With the first pick in the WNBA 2024 Draft, the Indiana Fever chose Caitlin Clark, the standout guard from the University of Iowa. 

Clark shattered shooting records across the NCAA during her four-year tenure at Iowa. She set the record for both men’s and women’s NCAA most 3-pointers in a single season, most career 3-pointers, most career points, along with the women’s most points in a single season and other NCAA Tournament records. 

Clark also led Iowa to back-to-back national championship games. Although Iowa lost both championships, Clark’s record-setting career garnered national media coverage, especially throughout the 2024 season, leading to the Women’s NCAA National Championship outperforming the Men’s NCAA National Championship in viewership for the first time in history with a peak of 24 million viewers. 

After completing her senior year at Iowa, Clark declared for the WNBA Draft. The Fever secured the first-round pick of the draft through a lottery in December of 2023. With Clark’s prominence, it had been widely known that she would be heading to Indiana. 

However, the impact of Clark’s 2024 season on women’s basketball fans was unprecedented. More than 6,000 fans packed the Fever’s Gainbridge Fieldhouse stadium for a draft watch party, along with 2.4 million viewers across ESPN’s televised coverage of the draft. Yet another Clark milestone set in what is being named the “Caitlin Clark Experience.”

Even with all her accolades and success, some say Clark’s biggest achievement is yet to come. After the draft, it was disclosed that Clark’s four-year contract with the Fever would earn her $338,056, with a rookie year payout of $76,500, compared to last year’s first pick of the NBA Draft Victor Wembanyama’s $12.1 million contract. 

This pay discrepancy has rekindled the conversation of the gap in pay between women’s and men’s professional basketball. 

Some believe Clark will be the light at the end of the tunnel for equality of pay, if not at least a restructure of contracts and incentives for women professional athletes. To add fuel to the pay discrepancy fire, the online sports retailer Fanatic disclosed that the Indiana Fever Clark basketball jersey had sold out within an hour of going live. 
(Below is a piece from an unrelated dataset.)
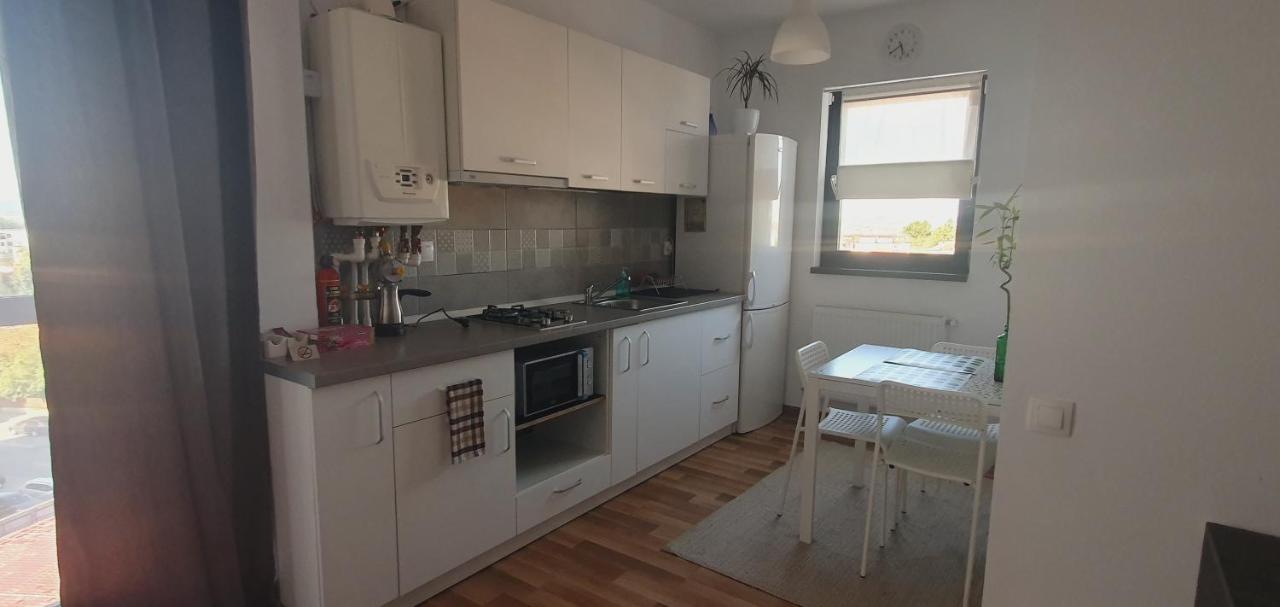 Apartament Welcome In Central Piteszti Zewnętrze zdjęcie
Clark has broken records across the NCAA, brought unprecedented amounts of viewership and shed more light on social and financial discrepancies in sports. All of this without playing a professional league game of basketball yet. It is uncertain what the future holds for Clark in the WNBA; however, it is certain that the Indian Fever, sports fans and America could finally have their “Michael Jordan” of women’s sports.